Hope

I’ve come to the conclusion that the human body just can’t sustain any heightened emotion for an extended period of time without trying to return to its normal state. Fear, anger, pain, grief - these all fade with time because they have to. Otherwise, we wouldn’t be able to continue to live.

We entered the hospital on Sunday June 20th, 10 days and a lifetime ago. I’ve seen the delerious heights of renewed hope, only to plummet back to rock-bottom the next day as yet another piece of bad news is delivered. Gavin’s recovery was off to a great start, he had an MRI the next day which showed no sign of remaining tumour, he woke right up from sedation, was extubated, and breathed on his own. Then he talked to us and held our hands. Hearing him say “mama” again repaired some broken bits in my heart.

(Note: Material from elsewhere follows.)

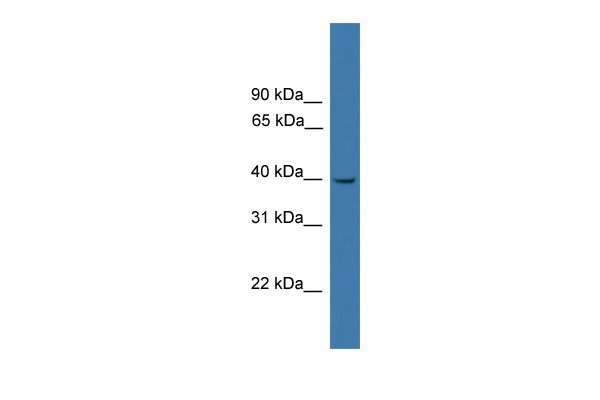 LTB4R antibody - C-terminal region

But. Then we realized that his swallow reflex had been effected by the surgery, we hope still that it will return to him in time, it just may take quite awhile and some intensive therapy. This means that he cannot eat or drink except through an NG tube in his nose.

Then. He started exhibiting strange behaviour and was clearly in pain. An emergency trip to CT showed hydrocephalus, a build-up of fluid in his brain. His EVD, which drains excess fluid from his brain, and that we had hoped to remove already, was not working well enough. His oxygen levels were low, and he needed to sleep with an O2 hood on for a couple of nights. The danger of hydrocephalus has passed as long as his drain continues to work, but he spent two sleepless nights before recovering.

And then another CT scan showed us the next nightmare - a blood clot in the middle of his brain. “We are on the knife’s edge right now,” said one of the neuro team. As I’ve said before, no sugar-coating this stuff. Our only recourse is to give him blood thinners, a bloody dangerous thing to do six days post-op. Then the neuro team felt that he would benefit from having a PICC line put in, a kind of permanent IV in his arm. Yet another dangerous and invasive procedure for him to go through, but he survived it, and is on his medication, and we will this clot to go away.

And now we watch, and wait, and hope, and hope to get through another night and another day.